[Available records]

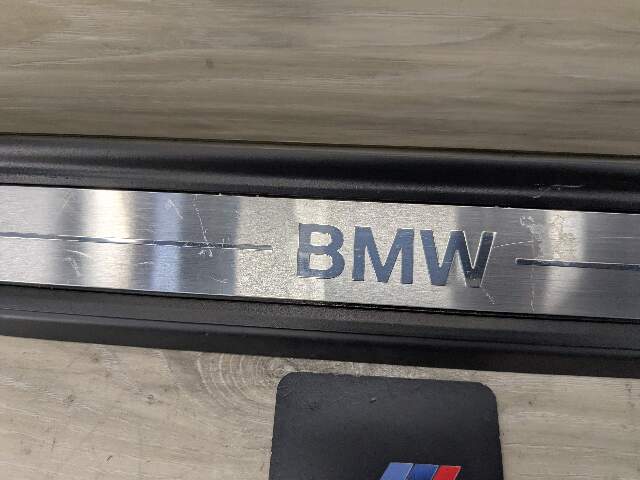 SCRATCHES* 19-21 OEM BMW G20 330 Front Door Sill Plate Molding Trim Left Right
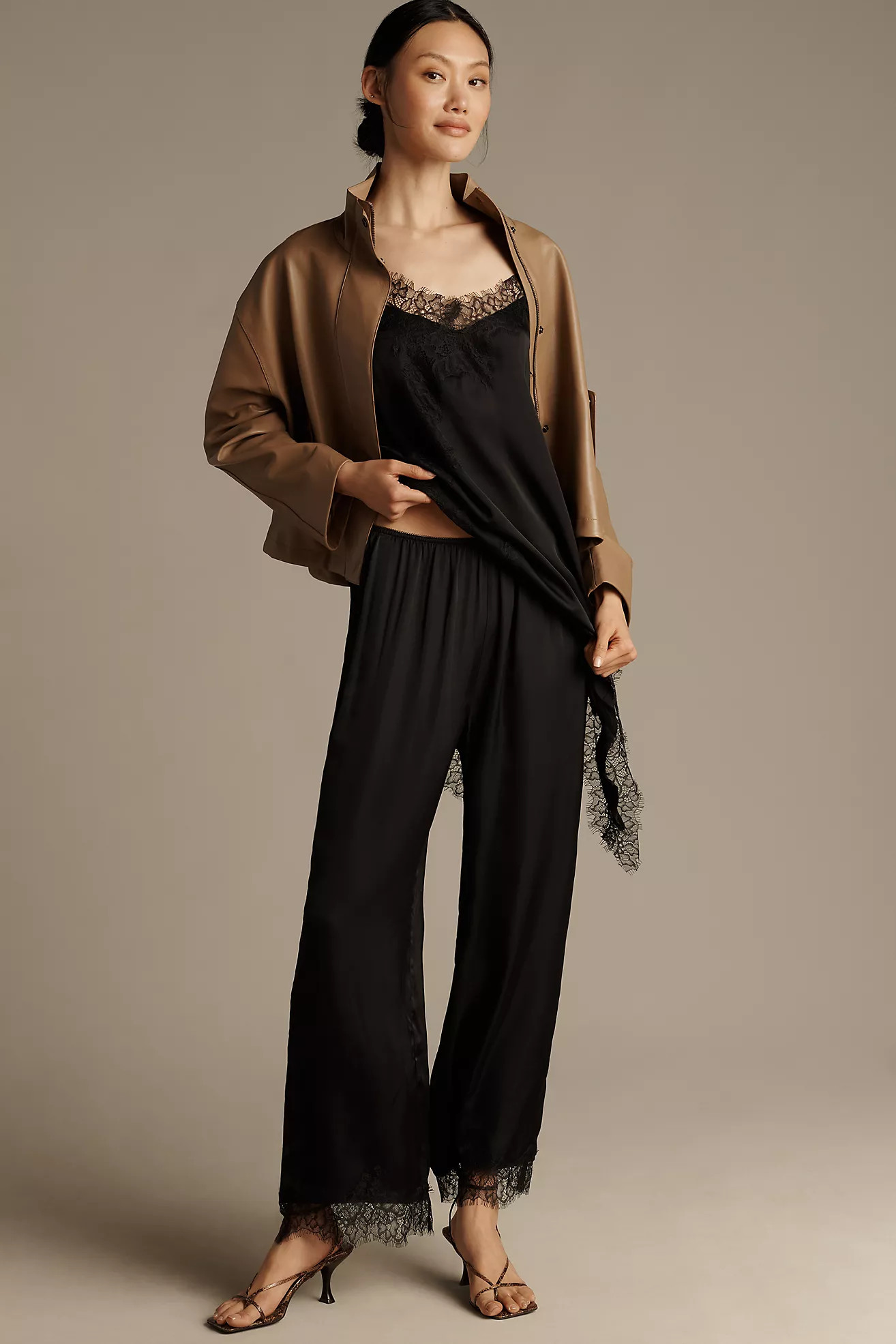 LyreBird Heirloom Lace Wide-Leg Pants | Anthropologie (US)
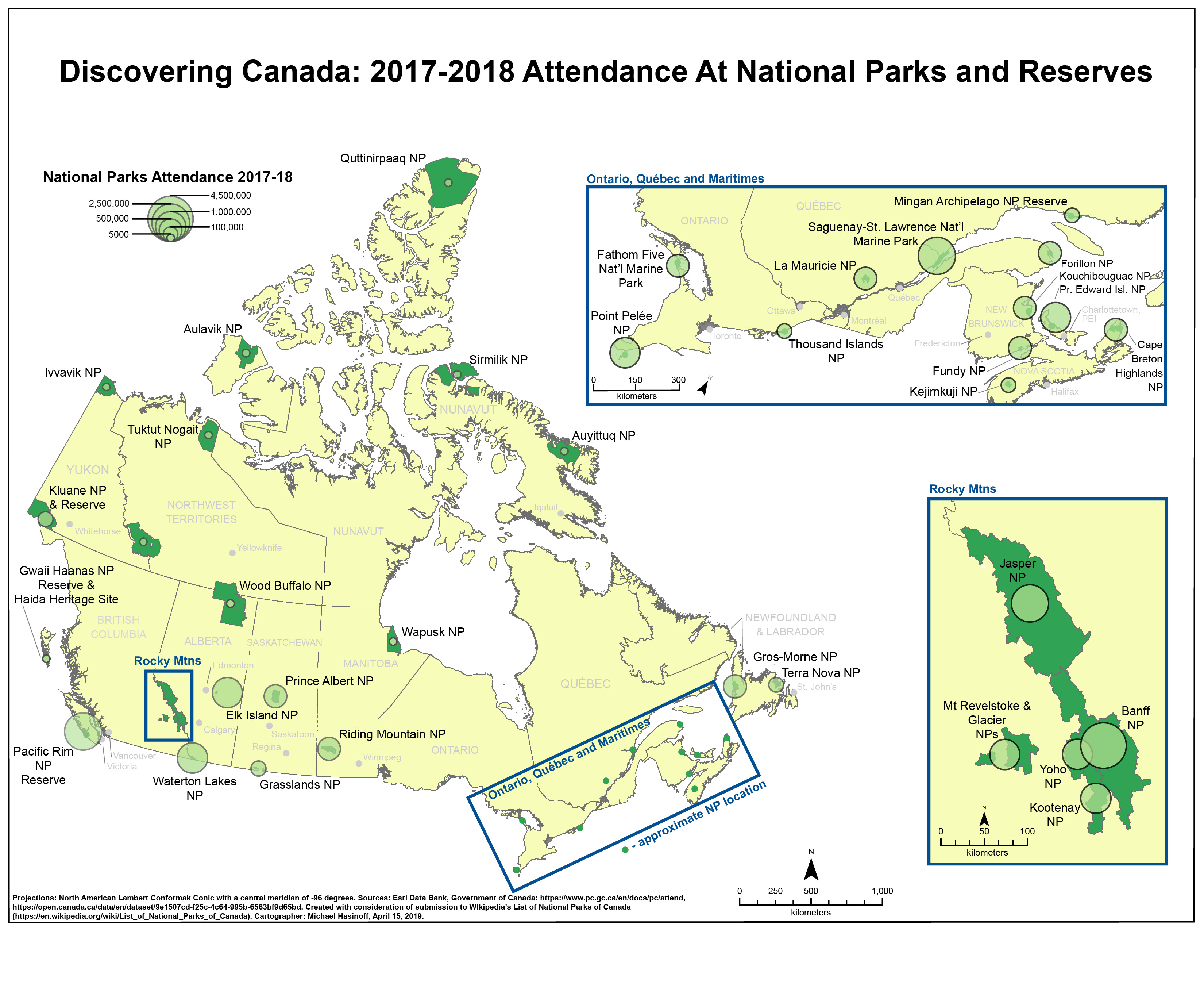 Canadian National Parks Attendance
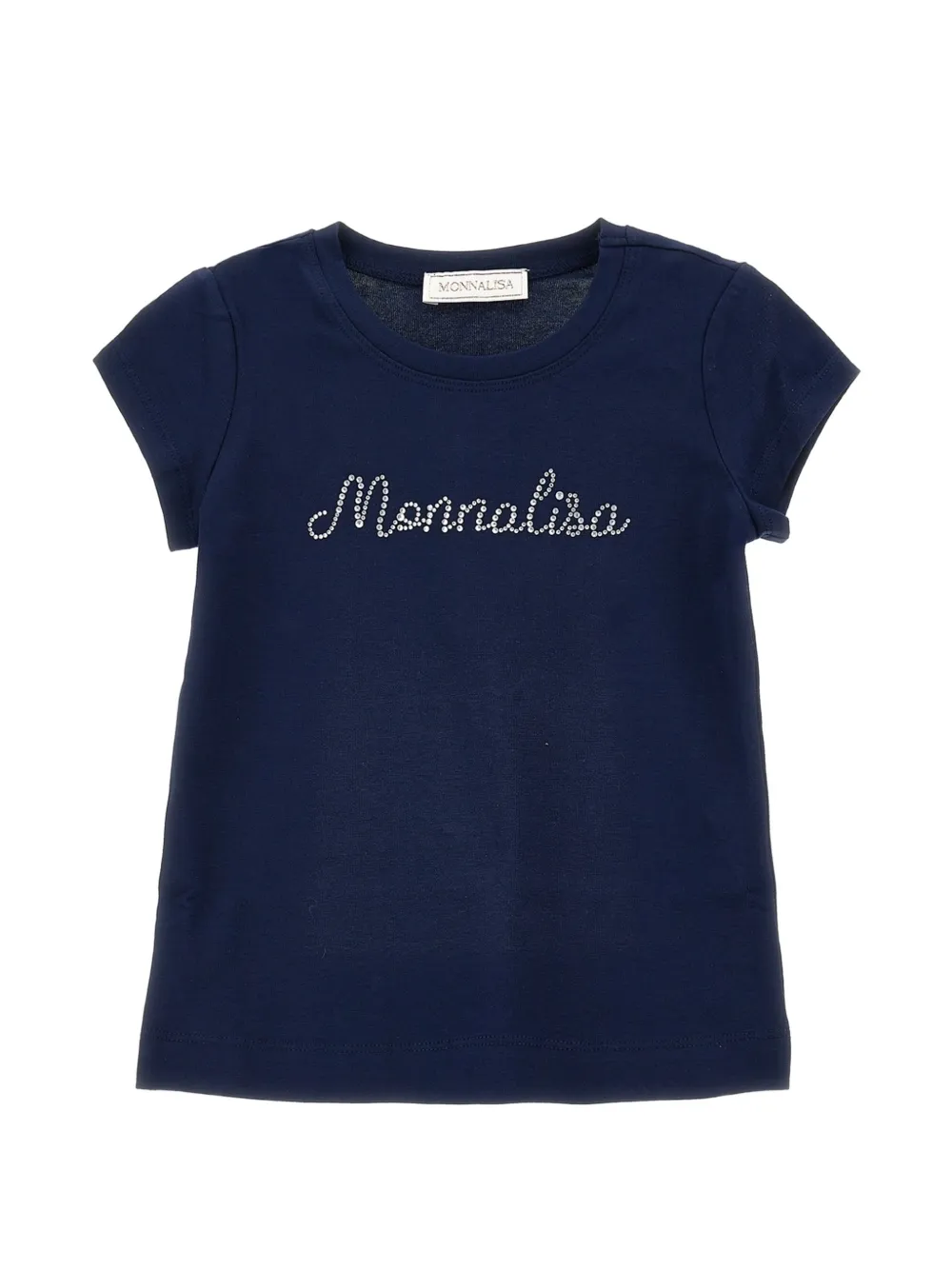 Monnalisa rhinestone-embellished T-shirt - Blu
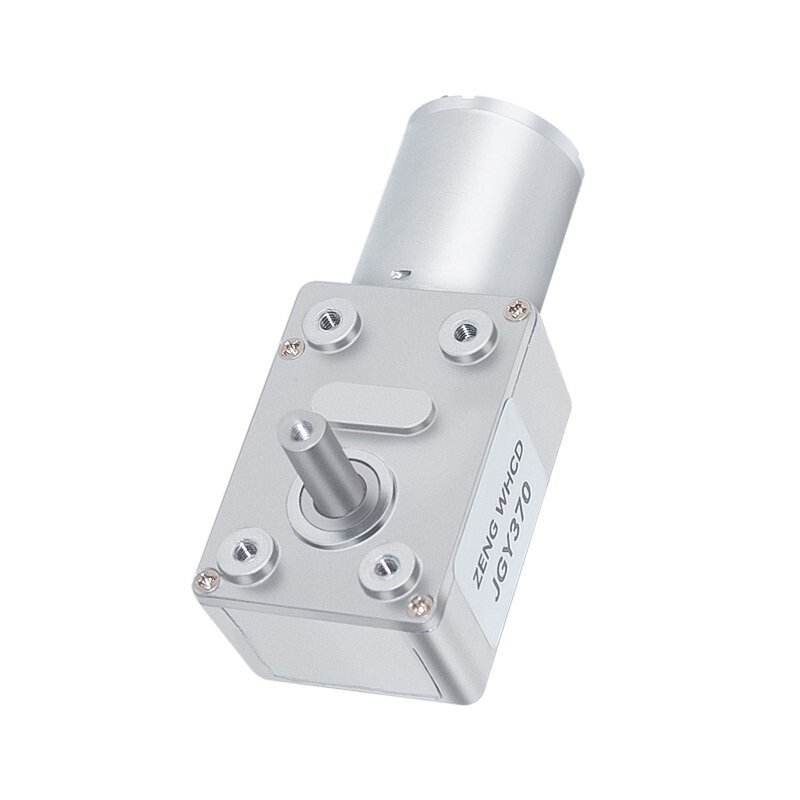 JGY370 Worm Gear Reduction Brushed Motor 6V12V24V With Self-locking Metal Gear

[Requirement] Reproduce the data above exactly, leaving each picture out.

[Task answer]
 SCRATCHES* 19-21 OEM BMW G20 330 Front Door Sill Plate Molding Trim Left Right
 LyreBird Heirloom Lace Wide-Leg Pants | Anthropologie (US)
 Canadian National Parks Attendance
 Monnalisa rhinestone-embellished T-shirt - Blu
 JGY370 Worm Gear Reduction Brushed Motor 6V12V24V With Self-locking Metal Gear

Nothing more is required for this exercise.